Data Mining PC and Benchmarking

MBA_Data_Miner
MBA_Data_Miner New Altair Community Member
edited November 2024 in Community Q&A
Howdy folks,


I am interested in what kind of hardware different users are running data mining software on. I have been benchmarking different hardware and am very interested in comparing notes with other forum members. Additionally, do you have any recommendations for data mining computer specs? Are you finding that higher end systems are substantially faster?
My results so far have a late model MacBook Pro as the fastest machine out of a few notebooks tested. I am also testing a desktop for comparison.

Please advise and comment,

Best regards, J.
Tagged:

Answers

  • MartinLiebig
    MartinLiebig
    Altair Employee
    Hi,

    We consultants of rapidminer have kind of standard Lenovo thinkpads. The only remarkable thing is that we have quite some memory attached. The thing is, that if you really need to do something with alot of CPU/RAM load you simply switch over to RM Server / cloud. I personally have basicly all of my processes located at servers.

    Cheers,
    Martin
  • MBA_Data_Miner
    MBA_Data_Miner New Altair Community Member
    That does help. Alas the probability of me having access to a server in the near future is low, so I will have to work with single systems. I have tested a couple different computers now, the MacBook actually beat out everything so far. Second place goes to a Asus G751 gaming laptop so far as well. The Asus has 24 GB ram, seems to help quite a bit.

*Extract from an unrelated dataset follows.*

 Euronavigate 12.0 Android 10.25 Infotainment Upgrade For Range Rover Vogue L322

    I have one last system to test, a circa 2012 custom gaming desktop. It has a great processor but less RAM than the Asus.

    The process being tested is a balanced and binned dataset of 5000 examples. Parameter optimization is run around a 10x cross validation of a decision tree. 5 Decision tree parameters are optimized (grid, parallel).
  • MBA_Data_Miner
    MBA_Data_Miner New Altair Community Member
    Just a thought- It would be amazing if Rapidminer created a simple benchmark program for users to run with a few different size datasets and algorithms to test. Think along the lines of CPU benchmarking programs, but specifically for data mining. It would be great to be able to test and upload results for different hardware/OS configurations and share them with people around the world. I use benchmarks published online a lot for comparing PC performance.

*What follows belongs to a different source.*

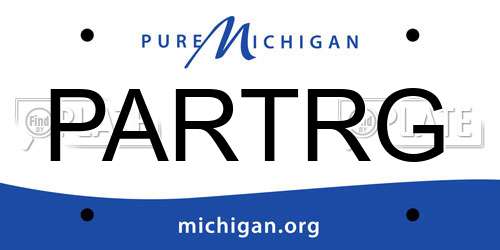 PARTRG Michigan License Plate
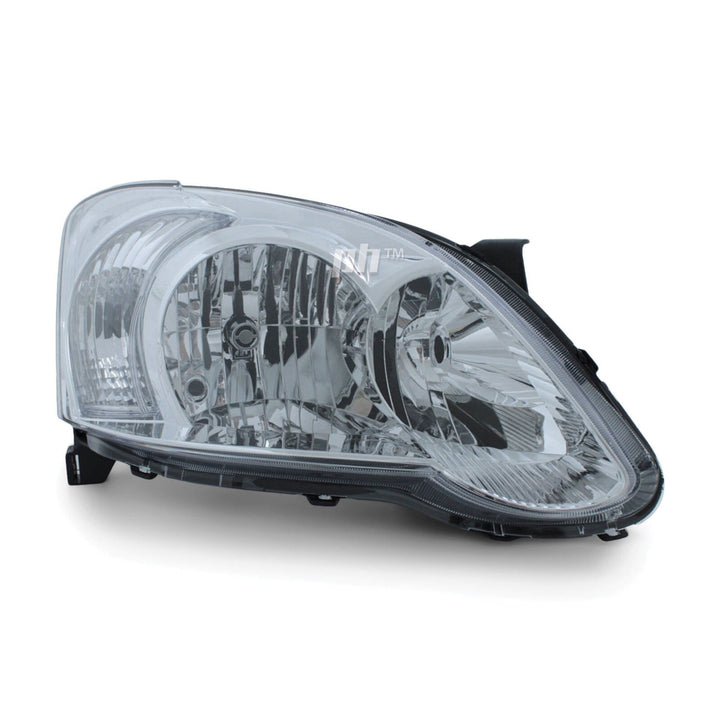 Headlights PAIR fits Toyota Corolla ZZE122 04/2004 - 02/2007 Hatch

    Any comments or thoughts on this?
  • MartinLiebig
    MartinLiebig
    Altair Employee
    Hi,

    honestly performance is not the point. Most users will have a server somewhere and use it if it goes CPU heavy.
    Regarding decision tree: Did you use RM version 6.3+? We optimize the Decision Tree in version 6.3.

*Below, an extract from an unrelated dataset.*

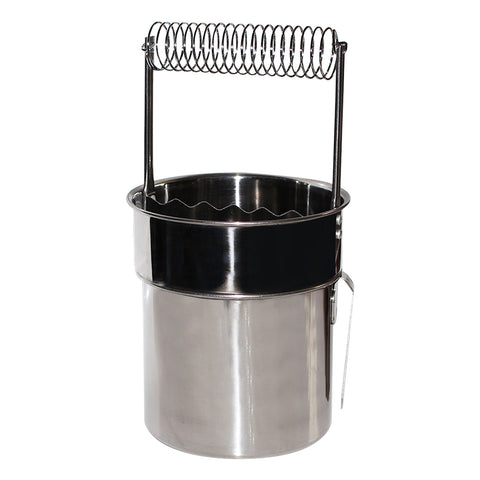 KURTZY Paint Brush Washer - Artist Portable Stainless Steel Paint Brush Cleaner - Double Layer Brush Cleaner with Wash Tank, Filter Screen & Holder Spring - Paint Brush Strainer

    Your account is registered to a .edu address, are you areware of our academic programm? That gives you the opportunity to get a server license. A server can run on any machine running java (linux/mac/windows).

    Best,
    Martin
  • MBA_Data_Miner
    MBA_Data_Miner New Altair Community Member
    I wasn't sure if I could even use the academic program because of my role, as I am an employee/institutional analyst for a higher education institution (rather than a student or professor).  I've been using the free community edition (5.3) of studio.